Comic: http://www.irregularwebcomic.net//special/SteveIrwin.jpg


----------



## Villano (Sep 4, 2006)

Vocenoctum said:
			
		

> Sorry, but I gotta disagree. Life is dangerous and unpredictable. Plenty of people work around aligators all day, every day, without getting eaten. The man worked with dangerous animals for many years without incident. Using his death as justification for what you already felt is a bit off, since if he'd been hit by a car, I doubt anyone would go "see, he was right, it IS more dangerous near a road!".
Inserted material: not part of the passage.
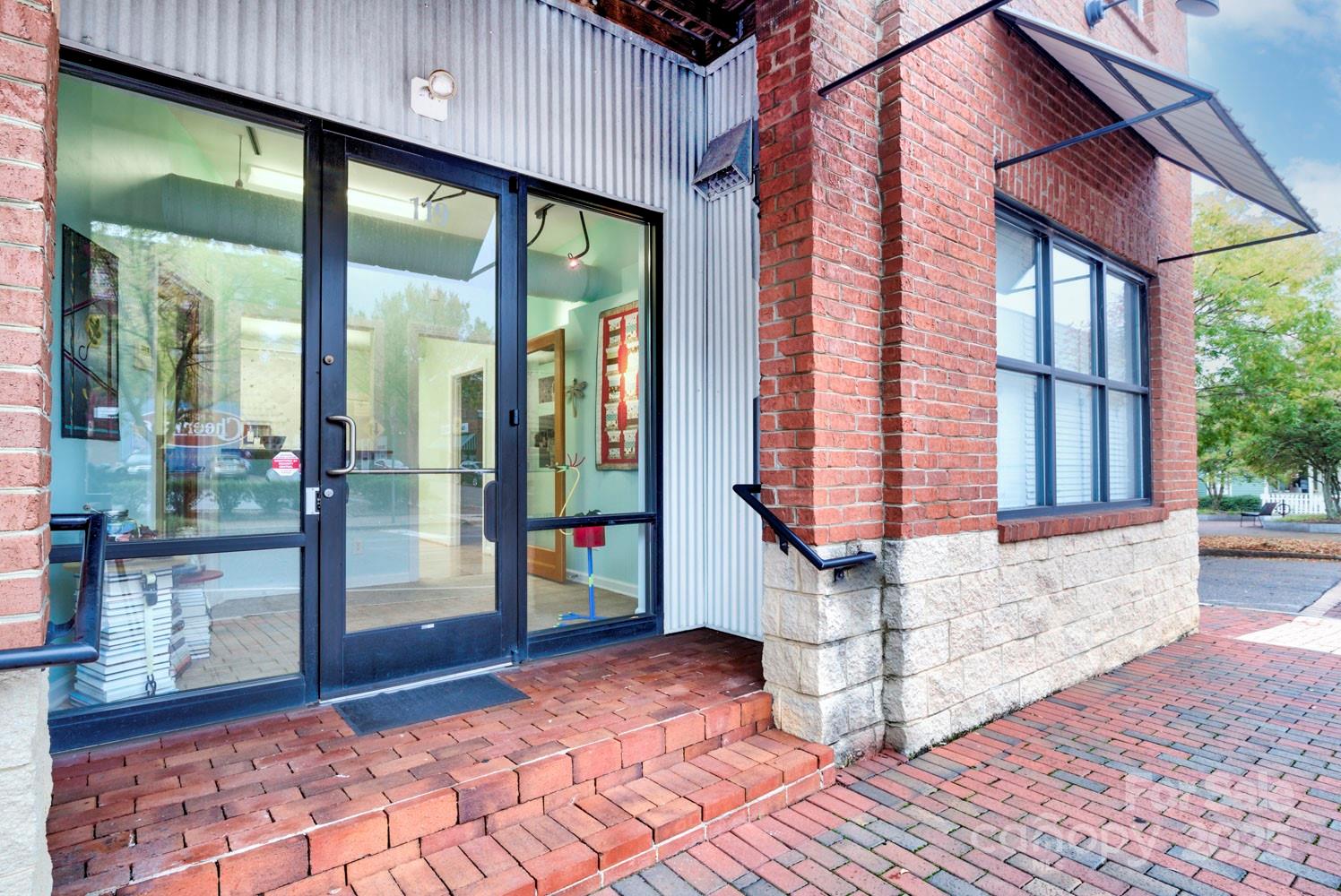 119 S Lee Street Property Photo 3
Sorry for annoying everyone.  It wasn't my indention.  But, while people work around alligators and crocs everyday, they don't take their kids in with them.  They know better.  We're not talking about putting your kid on the hood of your car here.  It's the equivalent of a lion tamer taking his toddler into the cage as part of the act (don't forget, it was part of Irwin's act, not a one time dumb thing, and he intended to repeat it until Australia's child services stepped in).  
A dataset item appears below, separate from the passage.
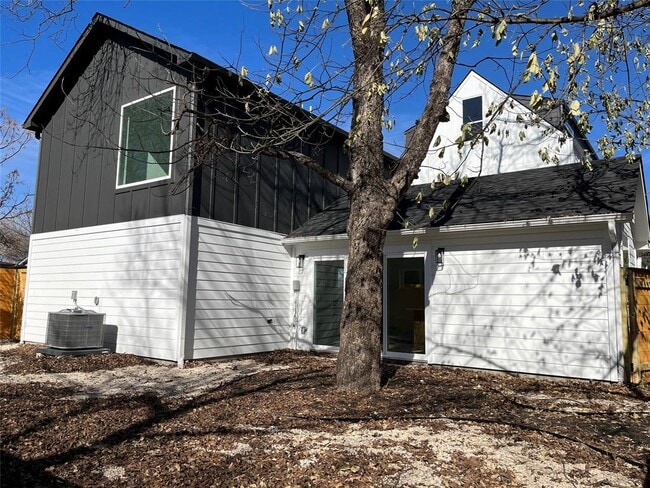 Building Photo - 2813 Prado St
The point I was making was that he said his child was never in danger because he was in control of the situation.  When I said that it proved his critics right, what I meant was that you're never in control of a situation with wild animals.   Yes, it was a freak accident, but that same sort of freak accident could have happened when he had his child only feet away from a crocodile.


----------



## Starman (Sep 4, 2006)

Villano said:
			
		

> Sorry for annoying everyone.  It wasn't my indention.  But, while people work around alligators and crocs everyday, they don't take their kids in with them.  They know better.  We're not talking about putting your kid on the hood of your car here.  It's the equivalent of a lion tamer taking his toddler into the cage as part of the act (don't forget, it was part of Irwin's act, not a one time dumb thing, and he intended to repeat it until Australia's child services stepped in).
> 
> The point I was making was that he said his child was never in danger because he was in control of the situation.  When I said that it proved his critics right, what I meant was that you're never in control of a situation with wild animals.   Yes, it was a freak accident, but that same sort of freak accident could have happened when he had his child only feet away from a crocodile.
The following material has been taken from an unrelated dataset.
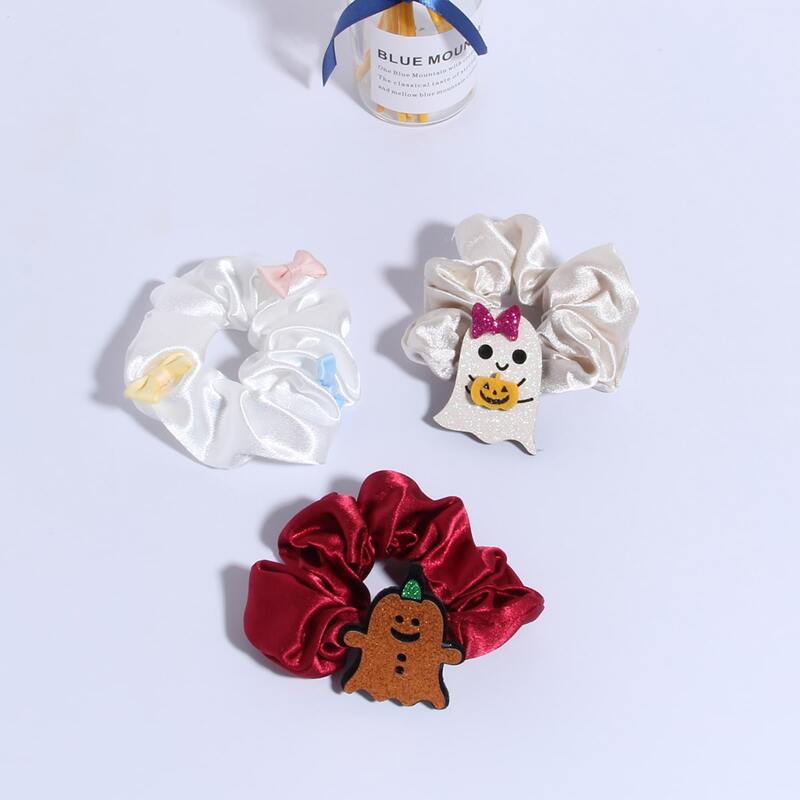 

3pcs Halloween Ghost Graphic Scrunchie, Multicolor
Still, is now the right time to bring that up? Agree or disagree with him, he was killed and it is unfortunate. Think about his wife and kids. They don't get to see him anymore.


----------



## Villano (Sep 4, 2006)

Starman said:
			
		

> Still, is now the right time to bring that up? Agree or disagree with him, he was killed and it is unfortunate. Think about his wife and kids. They don't get to see him anymore.




Yes, it was tragic he died.  Perhaps I should have waited a day or two, but I don't think that would have mattered since some people would still feel I was unfairly criticizing him.


----------



## Elf Witch (Sep 5, 2006)

Villano said:
			
		

> Sorry for annoying everyone.  It wasn't my indention.  But, while people work around alligators and crocs everyday, they don't take their kids in with them.  They know better.  We're not talking about putting your kid on the hood of your car here.  It's the equivalent of a lion tamer taking his toddler into the cage as part of the act (don't forget, it was part of Irwin's act, not a one time dumb thing, and he intended to repeat it until Australia's child services stepped in).
> 
> The point I was making was that he said his child was never in danger because he was in control of the situation.  When I said that it proved his critics right, what I meant was that you're never in control of a situation with wild animals.   Yes, it was a freak accident, but that same sort of freak accident could have happened when he had his child only feet away from a crocodile.




I read his comments about putting his baby in danger and you know what he some ways he was right. He had much more control over that situation then say a child playing on their street with a lot of traffic. Or playing in their backyard down here in Florida and having the child attacked by a gator. Or how about parents who own pit bulls that turn on their kids and kill them.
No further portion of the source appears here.